3. Urteilsgründe, die entgegen diesen gesetzlichen, nämlich aus § 267 Abs. 1 bis 3 StPO folgenden Anforderungen (vgl. BGH aaO) angelegt sind, gefährden den Bestand eines angefochtenen Urteils. So liegt der Fall hier. Der Senat vermag anhand der Urteilsgründe nicht nachzuvollziehen, welche Aussageteile für das Tatgericht von (wesentlicher) Bedeutung waren und ob es solche Umstände, die geeignet sind, die Entscheidung zu Gunsten oder zu Ungunsten des Angeklagten zu beeinflussen, erkannt und in seine Überlegungen einbezogen hat (vgl. BGH, Beschluss vom 11. April 2023 - 4 StR 497/22). Das Revisionsgericht ist nicht gehalten, sich aus einzelnen Passagen der Vernehmung die für die Beurteilung der Glaubhaftigkeit der Aussage erforderlichen Angaben herauszusuchen, die womöglich das Ergebnis des Tatrichters tragen könnten.

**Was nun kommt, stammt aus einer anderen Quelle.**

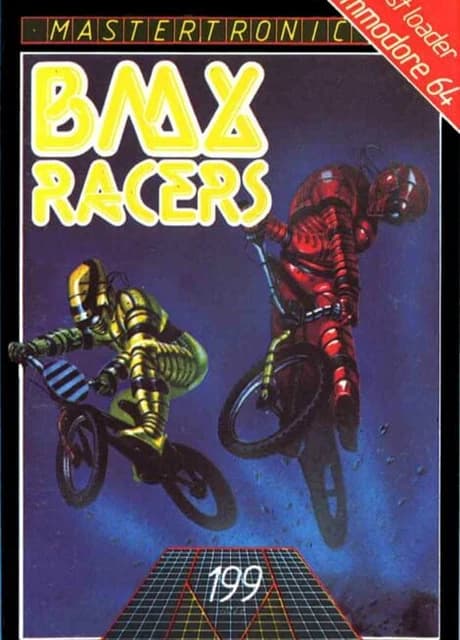 BMX Racers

a) Die Strafkammer hat an den Beginn der Beweiswürdigung zunächst zutreffend die Einlassung des Angeklagten gestellt, bevor sie ohne weitere Erläuterung die polizeiliche Vernehmung der Nebenklägerin über 16 engzeilig beschriebene Seiten in die Urteilsgründe hineinkopiert hat. Es folgen auf weiteren 13 ebenso dicht beschriebenen Seiten die Angaben der Nebenklägerin in der Hauptverhandlung, die in sämtlichen ersichtlich auch belanglosen Einzelheiten wiedergegeben werden, zum Teil in einem großen Abschnitt mit dem Hinweis „Auf ausführlichen Vorhalt der Inhalte der polizeilichen Vernehmung“ versehen. Die sich anschließende Beweiswürdigung geht von einer Aussage-gegen-Aussage-konstellation aus und stützt sich dabei auf die Angaben der Nebenklägerin, die das Tat- wie auch das Randgeschehen umfassend, detailliert, aus sich heraus verständlich und in sich widerspruchsfrei konstant geschildert habe.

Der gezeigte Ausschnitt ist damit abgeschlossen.